GIVEN RECORDS:
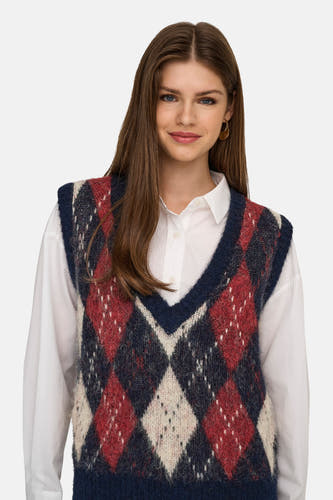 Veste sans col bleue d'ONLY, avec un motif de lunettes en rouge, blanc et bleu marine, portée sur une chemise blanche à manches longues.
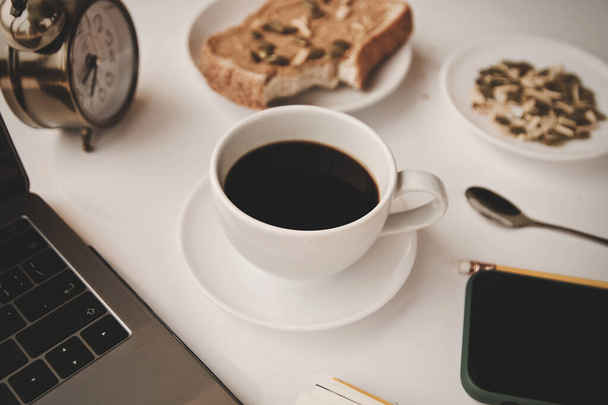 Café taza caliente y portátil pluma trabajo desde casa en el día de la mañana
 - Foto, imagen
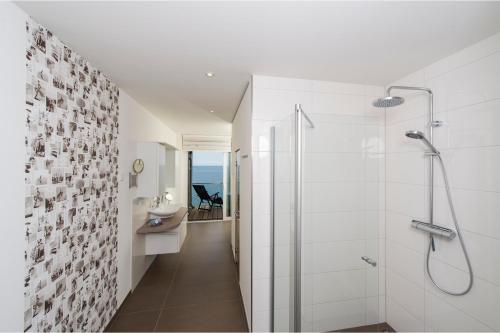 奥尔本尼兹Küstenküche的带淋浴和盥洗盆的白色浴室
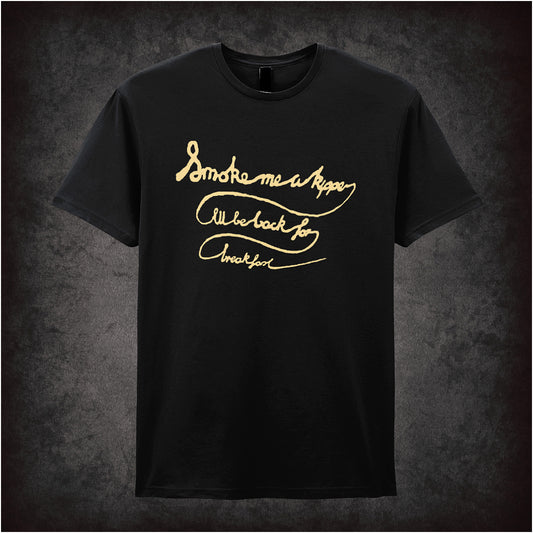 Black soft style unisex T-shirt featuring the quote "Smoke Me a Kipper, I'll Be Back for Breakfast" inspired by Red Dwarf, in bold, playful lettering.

ABOUT THIS EXERCISE:
Each entry above must come back exactly as written. Drop the images.

RESPONSE TO THIS EXERCISE:
 Veste sans col bleue d'ONLY, avec un motif de lunettes en rouge, blanc et bleu marine, portée sur une chemise blanche à manches longues.
 Café taza caliente y portátil pluma trabajo desde casa en el día de la mañana
 - Foto, imagen
 奥尔本尼兹Küstenküche的带淋浴和盥洗盆的白色浴室
 Black soft style unisex T-shirt featuring the quote "Smoke Me a Kipper, I'll Be Back for Breakfast" inspired by Red Dwarf, in bold, playful lettering.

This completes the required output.